==== Source material
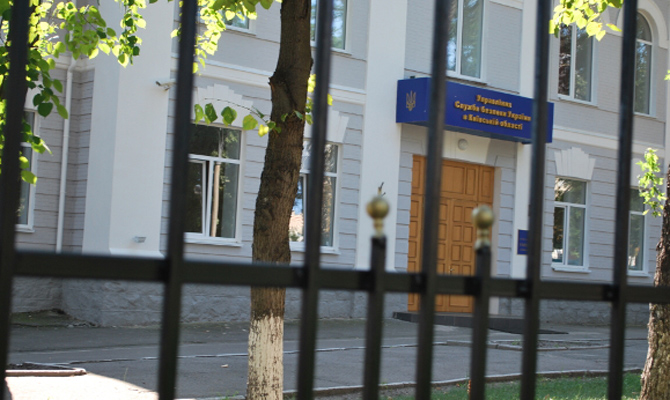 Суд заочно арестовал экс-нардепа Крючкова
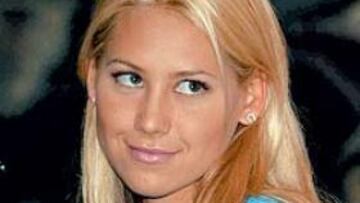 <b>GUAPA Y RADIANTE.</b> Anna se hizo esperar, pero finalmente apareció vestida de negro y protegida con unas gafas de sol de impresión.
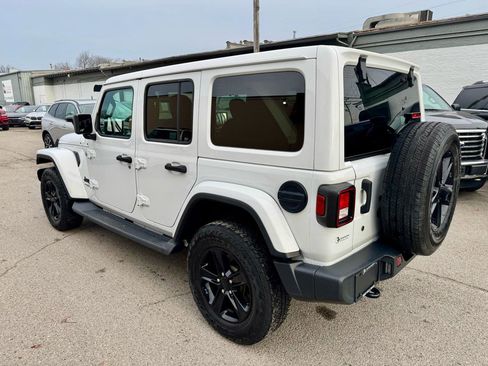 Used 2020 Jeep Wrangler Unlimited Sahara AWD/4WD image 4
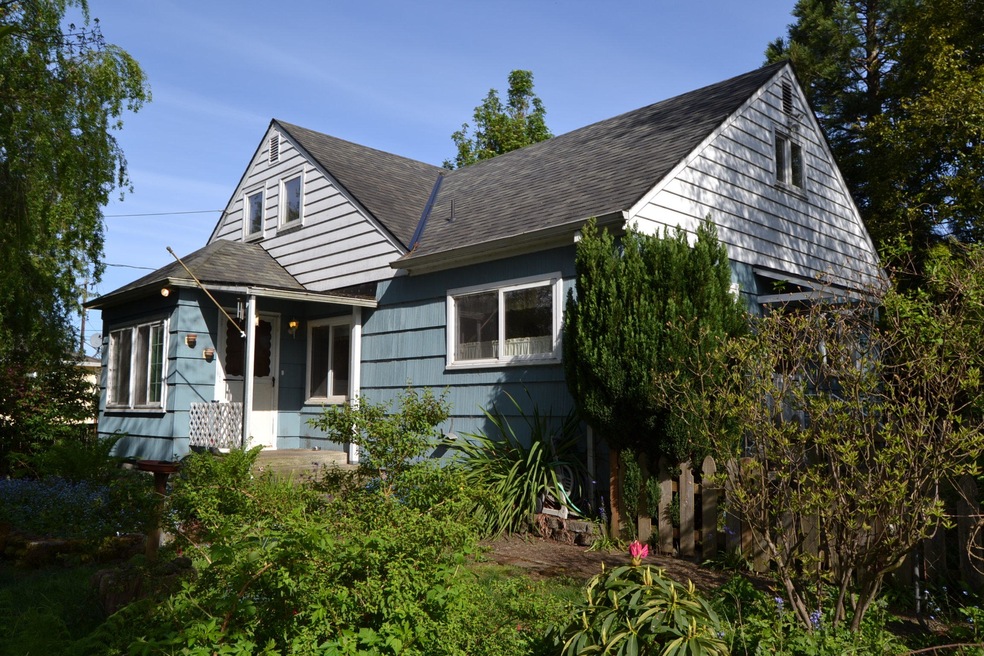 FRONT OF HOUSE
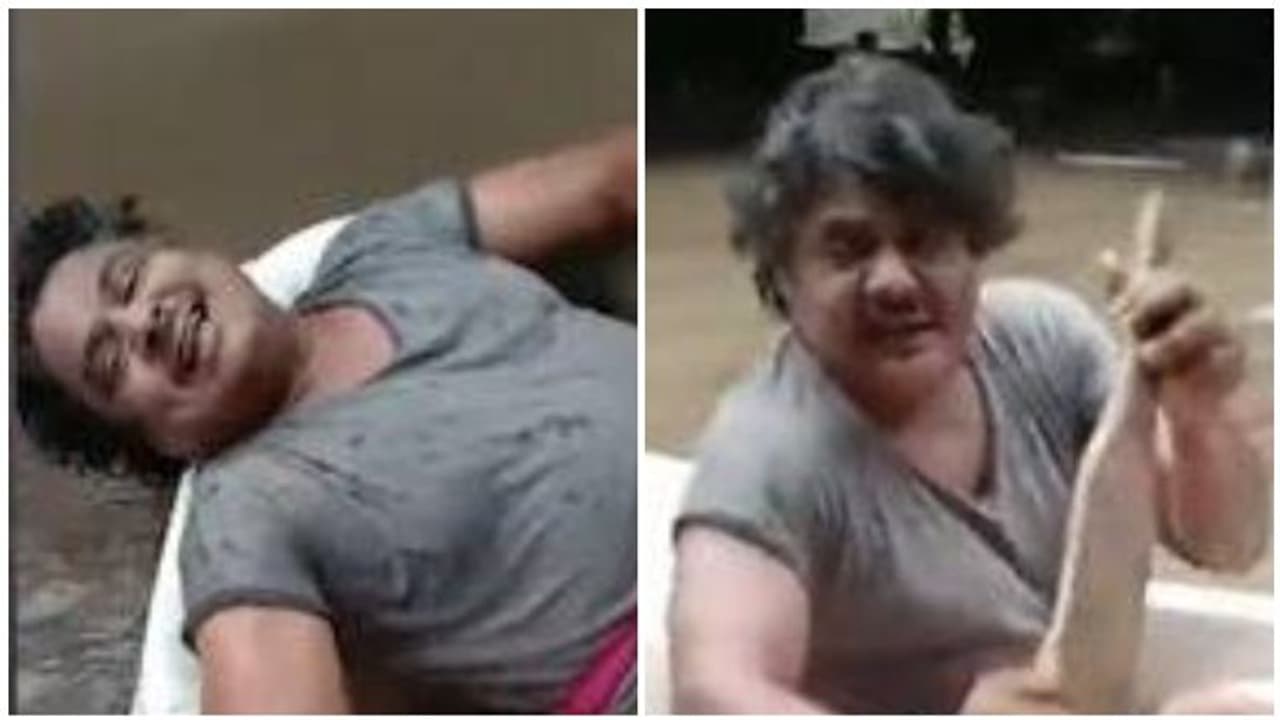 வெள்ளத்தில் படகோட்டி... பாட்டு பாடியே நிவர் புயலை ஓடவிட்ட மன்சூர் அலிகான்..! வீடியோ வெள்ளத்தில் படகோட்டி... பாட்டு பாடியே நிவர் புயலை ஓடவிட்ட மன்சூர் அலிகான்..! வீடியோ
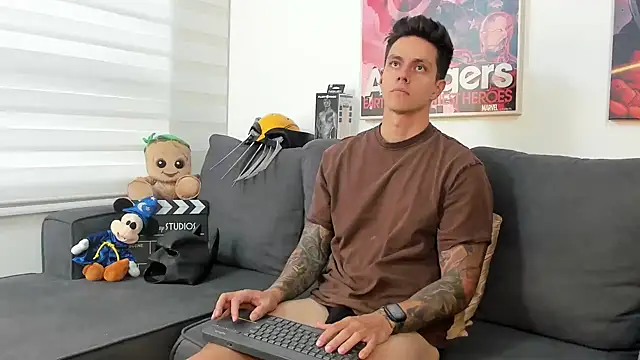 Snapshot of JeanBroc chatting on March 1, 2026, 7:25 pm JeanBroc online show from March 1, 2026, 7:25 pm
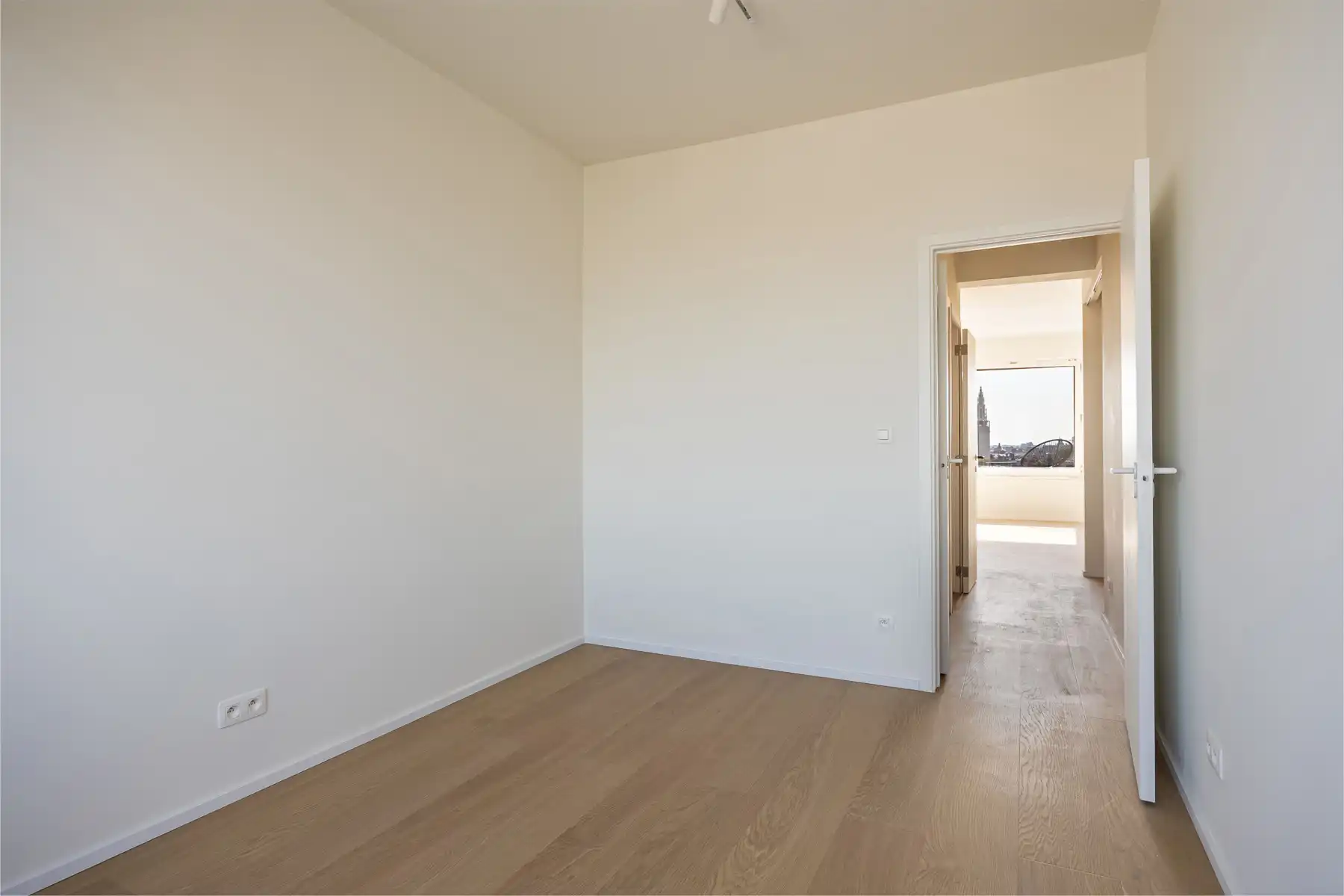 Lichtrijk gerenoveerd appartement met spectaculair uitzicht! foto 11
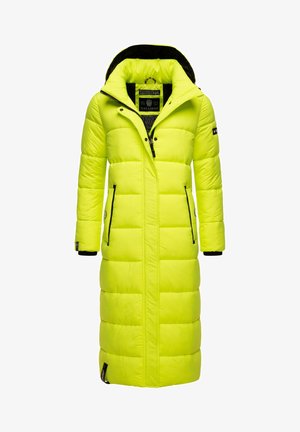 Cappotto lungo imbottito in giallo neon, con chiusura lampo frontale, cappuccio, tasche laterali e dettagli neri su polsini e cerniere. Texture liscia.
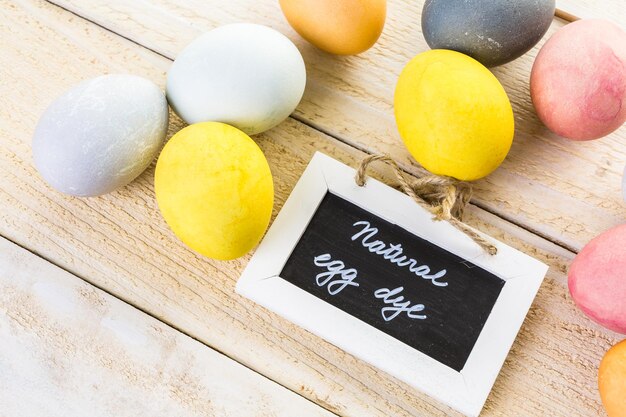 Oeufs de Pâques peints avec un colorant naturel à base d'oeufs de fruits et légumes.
========
Required action
Now repeat exactly the lines from the one with "Snapshot of JeanBroc" through the end of the listing above, both included, omitting all pictures.

Completed exercise
 Snapshot of JeanBroc chatting on March 1, 2026, 7:25 pm JeanBroc online show from March 1, 2026, 7:25 pm
 Lichtrijk gerenoveerd appartement met spectaculair uitzicht! foto 11
 Cappotto lungo imbottito in giallo neon, con chiusura lampo frontale, cappuccio, tasche laterali e dettagli neri su polsini e cerniere. Texture liscia.
 Oeufs de Pâques peints avec un colorant naturel à base d'oeufs de fruits et légumes.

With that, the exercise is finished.